Nesta 14.ª edição da Sebentas d’Obra exploramos a disciplinar área do abastecimento de água, uma infraestrutura fundamental para a saúde pública e o desenvolvimento urbano das grandes cidades. No Porto, o abastecimento de água remonta ao século XIV, mas foi no século XVII que a canalização para fontes públicas foi concluída. O transporte para distribuição domiciliária iniciou apenas no final do século XIX, acompanhada pela construção de reservatórios essenciais para o funcionamento do sistema, mesmo em períodos de cheia.
Entre 1885 e 1887, com uma rede superior a 70 km de tubagens, foram construídos os Reservatórios de Santo Isidro, dos Congregados e de São João da Foz (Pasteleira), este último abastecendo a zona ocidental da cidade.

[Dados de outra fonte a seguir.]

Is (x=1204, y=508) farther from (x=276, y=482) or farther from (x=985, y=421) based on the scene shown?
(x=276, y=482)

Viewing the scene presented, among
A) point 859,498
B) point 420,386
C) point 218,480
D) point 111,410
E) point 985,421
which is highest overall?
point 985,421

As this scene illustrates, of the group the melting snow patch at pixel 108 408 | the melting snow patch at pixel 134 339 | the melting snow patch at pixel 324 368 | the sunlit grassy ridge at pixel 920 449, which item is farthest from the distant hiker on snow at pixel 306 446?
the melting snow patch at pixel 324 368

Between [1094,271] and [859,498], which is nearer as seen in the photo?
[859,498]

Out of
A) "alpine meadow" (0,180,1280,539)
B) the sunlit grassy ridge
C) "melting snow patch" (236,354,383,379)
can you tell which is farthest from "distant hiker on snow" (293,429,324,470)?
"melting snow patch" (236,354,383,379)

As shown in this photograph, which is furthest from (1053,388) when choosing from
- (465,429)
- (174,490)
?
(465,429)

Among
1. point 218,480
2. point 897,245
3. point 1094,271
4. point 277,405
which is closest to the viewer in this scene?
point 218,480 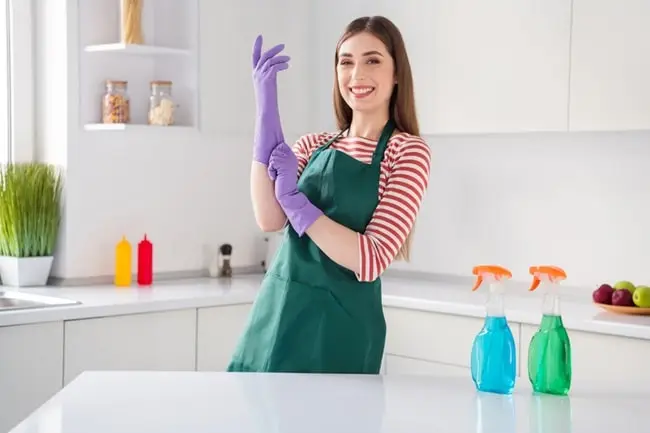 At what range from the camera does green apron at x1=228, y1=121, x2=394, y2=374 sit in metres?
2.27

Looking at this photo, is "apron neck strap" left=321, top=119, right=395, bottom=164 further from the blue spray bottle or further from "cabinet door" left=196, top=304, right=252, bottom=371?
"cabinet door" left=196, top=304, right=252, bottom=371

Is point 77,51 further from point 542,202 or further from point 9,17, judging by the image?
point 542,202

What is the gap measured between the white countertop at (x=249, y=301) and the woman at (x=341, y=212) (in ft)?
3.22

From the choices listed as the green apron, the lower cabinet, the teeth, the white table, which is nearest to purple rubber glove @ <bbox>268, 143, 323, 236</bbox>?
the green apron

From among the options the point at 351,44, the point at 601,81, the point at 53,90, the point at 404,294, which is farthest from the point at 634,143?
the point at 53,90

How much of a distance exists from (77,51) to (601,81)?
185 centimetres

No final do século XX, já depois da modernização da rede, estes reservatórios foram desativados e permaneceram assim até recentemente.
Reconhecendo o valor patrimonial destes reservatórios, a Empresa Águas do Porto lançou um concurso de ideias para a valorização e abertura destes espaços ao público. O Atelier 15, liderado pelos arquitetos Alexandre Alves Costa e Sérgio Fernandez, desenvolveu a proposta vencedora, que começou pela intervenção no Reservatório da Pasteleira. Apoiada pelo Eng. António Alpuim, a equipa implementou uma operação quase cirúrgica, trazendo luz natural para esta gigantesca cisterna, rasgando o talude exterior e perfurando a cobertura com claraboias, acessíveis por escadas que se escondem discretamente no parque, revelando um património até então invisível para a cidade.